Aunque el Pernod (que, además de artemisia, presumiblemente contenía hinojo, enebro y nuez moscada) es considerado por todos como el parámetro en materia de absinthe, de la misma forma que la Coca Cola lo es en materia de bebibas cola, pronto empezaron a salir nuevas marcas, como el Absinthe Robette o el parecido Pernot. Se calcula que hacia fines del siglo XIX había unos 200 fabricantes de ajenjo. Muchos afiches Art Nouveau de la época dan cuenta de la competencia; en el de Absinthe Parisienne, por ejemplo, una bruja le dice a una muchacha vestida de verde: "Bebe y después verás...". Sarah Bernhardt hizo publicidad para el Absinthe Terminus y un presidente de la República, Carnot, prestó su imagen y su nombre para otra marca. Hasta hubo el caso de cierto ingenioso bodeguero que lanzó el ajenjo marca "Le Même" ("El mismo"), con el propósito de aprovechar los equívocos. "Garçon, otro ajenjo", gritaba el cliente. "¿El mismo?", preguntaba el mozo y a menudo acababa sirviendo un vaso de "Le Même".

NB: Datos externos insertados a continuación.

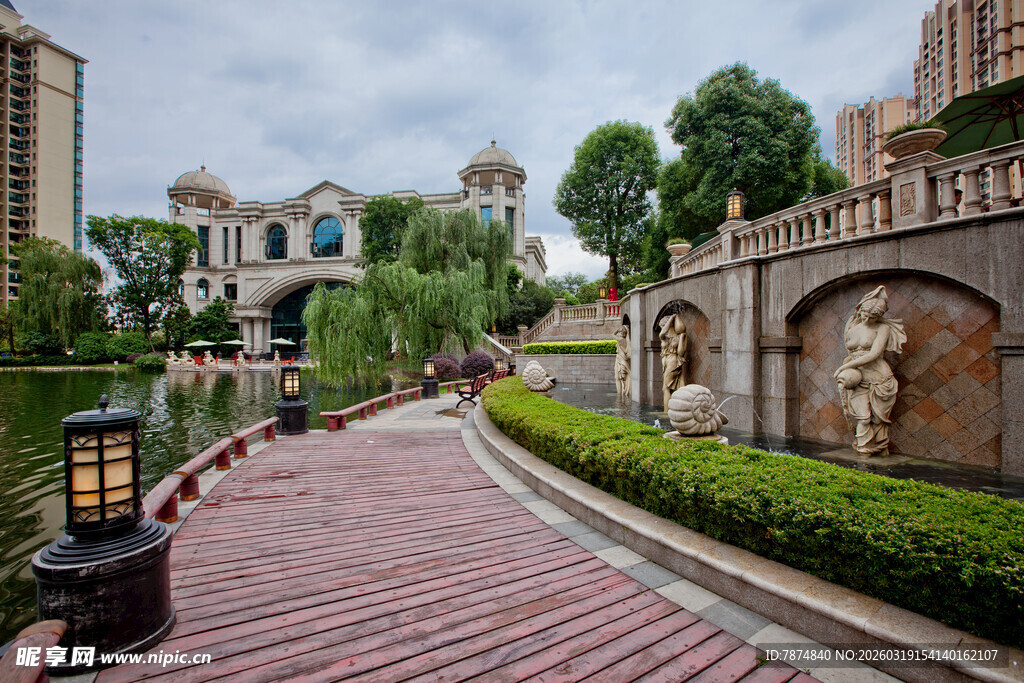 欧式园林景观步道美景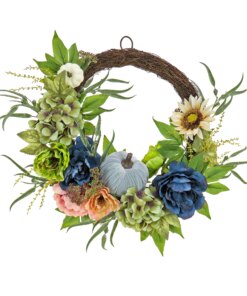 22 in. Fall Wreath with Mixed Leaves, Hydrangea, Peony and Pumpkin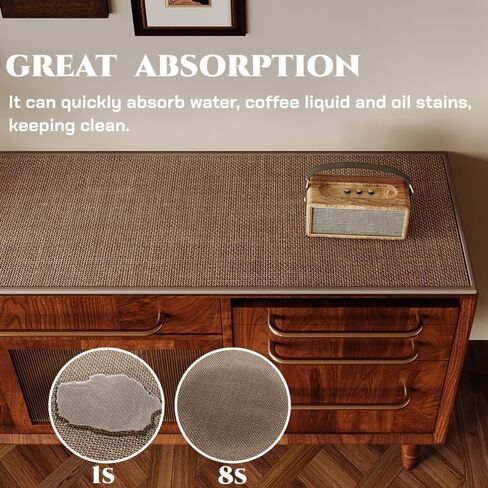 Sideboard Buffet Cabinet Cover, Super Absorbent Mat for Wood Buffet Table, Anti-slip Top Protector for Coffee Bar Cabinet, Table Pad for Kitchen,Dining Room (Coffee, 15.7''X66'') in Saudi Arabia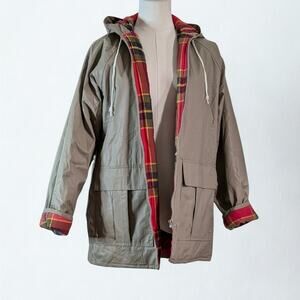 Misty Harbor Taupe Vintage Rain Jacket Plaid Lined Windbreaker 90s Preppy S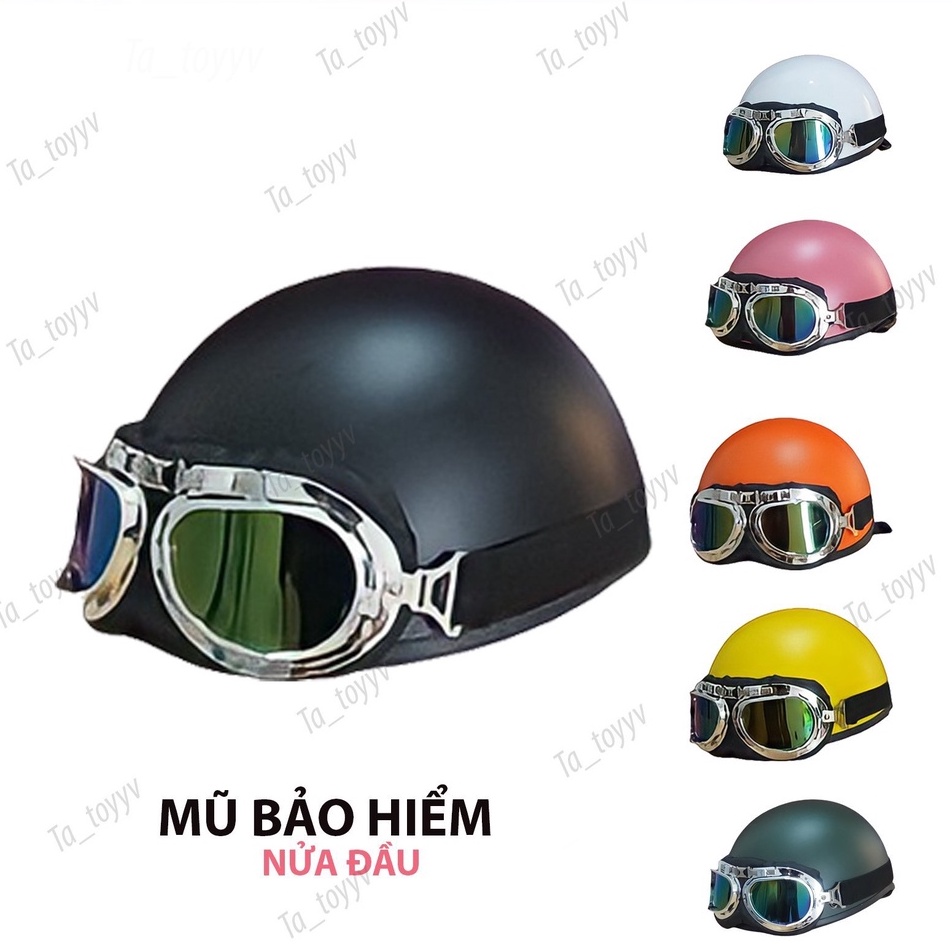 Mũ bảo hiểm nửa đầu MÀU TRƠN nhiều màu, đa dạng loại kính mới nhất hiện nay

Es posible que el rito que requería el absinthe a la hora de ser servido aumentase su popularidad. El rito era el siguiente:
a) se servía en un vaso una medida
b) se colocaba sobre el vaso una cuchara perforada, una especie de colador barroco
c) se ponía un terrón de azúcar en la cuchara
d) lentamente se vertía agua helada a través del colador azucarado, en una proporción de 4 ó 5 medidas de agua por una de ajenjo.

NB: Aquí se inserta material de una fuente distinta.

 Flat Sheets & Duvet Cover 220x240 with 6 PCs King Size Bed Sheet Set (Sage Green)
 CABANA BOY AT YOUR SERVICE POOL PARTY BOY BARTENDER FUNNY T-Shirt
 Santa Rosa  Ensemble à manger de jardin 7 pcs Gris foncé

Claro que había diferentes costumbres: algunos preferían beberlo puro, otros lo mezclaban con vino helado en vez de agua o fabricaban cóctels agregando limonada, naranjada o pimienta. El famoso Toulouse-Lautrec decía haber inventado una mezcla de ajenjo y coñac llamada "Terremoto". Lo cierto es que el líquido, de un color verde intenso, se modificaba con el agua, volviéndose opalino, teñido a veces de reflejos amarillos. En un artículo recientemente publicado en Los Angeles Times ("Un fruto olvidado y prohibido", de Charles Perry), el método de preparación es visto como un antecedente a los rituales de los junkies y el color verde de la bebida como un antecedente a los mandalas psicodélicos en los años sesenta, ya que "ambos significaban éctasis". Lógicamente, un argot fue acuñándose en torno a esta ceremonia, casi al filo de la alquimia: "opaline" pasó a ser un alias del ajenjo, y la palabra "louche" se aplicó para describir el momento en que el licor cambiaba de aspecto. Se creía que un absinthe era mejor cuanto más pronunciado fuese el louche. Los bebedores empedernidos se pusieron a coleccionar cucharas de metal. No tardaron en salir modelos más y más rebuscados, por ejemplo uno con forma de Torre Eiffel. Algunos bares llegaron a tener fuentes de agua helada, entre ellos la Old Absinthe House que aún puede visitarse en la calle Bourbon, en Nueva Orleans, y que testimonia el fugaz esplendor del ajenjo en los Estados Unidos.
Pero hay, más allá del ritual, otra explicación para el aumento del consumo de absinthe registrado en plena Belle Epoque. Alrededor de 1875, una plaga redujo enormemente la producción de los viñedos de Francia. Al ver cuánto aumentaba, en consecuencia, el precio del alcohol de vino con que fabricaban su licor, los productores de ajenjo decidieron en masa empezar a utilizar alcohol de grano o industrial. La calidad se abarató menos que el precio. Los ventas del absinthe treparon a tal punto que pusieron en jaque el sempiterno liderazgo del vino, bebida nacional por excelencia entre los franceses.